Re: The Complexity of a Simple Prefix

The main subject of this blog post is the “Re:” prefix used in the “Subject:” header line of most email replies, but the implicit subject is how MailMate handles the huge gap between theory and practice when dealing with many email headers. The story of the “Re:” prefix is in many ways a typical email header story. What may seem like a simple problem quickly becomes very complicated when 40 years of email history has made its mark. The Devil is in the details.

History

The first attempt to standardize email headers can be seen in RFC 561. This is September 1973, the document is 2 pages long, and not surprisingly it does not mention the “Re:” prefix. Note that this does not mean that the “Re:” prefix was not in use at the time. Many RFCs have been written after the fact and simply document what is already the prevailing behavior of implementations. This is emphasized by the first use of “Re:” in an RFC in 1977 where it is only present as part of an example of an email reply. This example lives on in RFC 733 (1977) and the classic RFC 822 (1982). It takes almost 20 years before RFC 822 is updated, but for the first time the “Re:” prefix is explicitly described in RFC 2822:

When used in a reply, the field body MAY start with the string “Re: “ (from the Latin “res”, in the matter of) followed by the contents of the “Subject:” field body of the original message.

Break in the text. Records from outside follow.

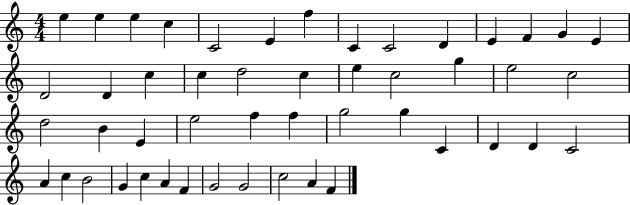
X:1
T:Untitled
M:4/4
L:1/4
K:C
e e e c C2 E f C C2 D E F G E D2 D c c d2 c e c2 g e2 c2 d2 B E e2 f f g2 g C D D C2 A c B2 G c A F G2 G2 c2 A F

It even includes an explanation of what “Re:” means although I’m with this guy on that one, but the Latin interpretation serves a purpose as we’ll see further below. For the sake of completion, the meaning of “Re:” was changed (corrected?) to be from the Latin “in re” in RFC 5322.

Ok, that was a nice bit of history and it actually started before I was born which means I don’t have to feel so old today. A similar history exists for many other of the standard email headers, but in the special case of the “Re:” prefix you might ask: Why standardize it at all? I hope that is going to be evident at the end of this blog post.

Theory

Originally, the “Re:” prefix served the simple purpose of making it easy to see when a message was a reply to another message. The use of it might even pre-date the introduction of the “In-Reply-To” header which could be seen as an alternative solution. In retrospect, it should have been standardized with the following rules:

Add “Re:” to the subject of replies and replies only.
Do not add another prefix when replying to a reply.

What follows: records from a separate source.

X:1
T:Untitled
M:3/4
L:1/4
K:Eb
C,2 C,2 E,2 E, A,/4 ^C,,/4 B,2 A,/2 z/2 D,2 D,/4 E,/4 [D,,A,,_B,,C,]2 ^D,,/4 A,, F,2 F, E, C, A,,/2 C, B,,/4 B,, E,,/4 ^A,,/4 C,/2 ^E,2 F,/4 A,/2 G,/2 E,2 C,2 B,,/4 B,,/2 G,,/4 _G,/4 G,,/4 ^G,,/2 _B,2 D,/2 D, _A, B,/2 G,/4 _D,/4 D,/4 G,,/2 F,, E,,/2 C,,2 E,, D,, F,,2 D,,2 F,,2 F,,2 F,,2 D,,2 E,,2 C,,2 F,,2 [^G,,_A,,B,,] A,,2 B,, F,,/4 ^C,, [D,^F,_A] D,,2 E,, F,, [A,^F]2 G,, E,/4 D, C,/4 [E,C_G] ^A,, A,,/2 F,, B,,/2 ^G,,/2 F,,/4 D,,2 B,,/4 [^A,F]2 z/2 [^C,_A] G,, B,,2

As we’ll see further below then the following clarification would also have been nice: Do not use any localized variants of “Re:”.

Practice

It might not have helped if the reply prefix had been standardized, but the lack of standardization certainly did not help. Variations of the prefix were invented and they resulted in various problems. I’ll describe 3 prefix related problems below.

The first problem is how to handle a reply to a reply. The naive solution is to just add another “Re:” prefix, but this is ugly and it can quickly increase the length of a subject line. A better solution is to only add the prefix if one does not already exist. Some email clients decided to do better than that and they introduced a counter in the prefix:

Re[4]: This correspondence now involves 4 messages.

That is not a bad idea, but since not all email clients supported it then a reply would often look like this:

Re: Re[4]: This correspondence now involves 4+1 messages.

The “smart” email client might be able to merge the prefixes when replying and therefore the above could be an acceptable side effect until all email clients supported the counters, but this now seems unlikely to ever happen. It does not help that this has never been standardized.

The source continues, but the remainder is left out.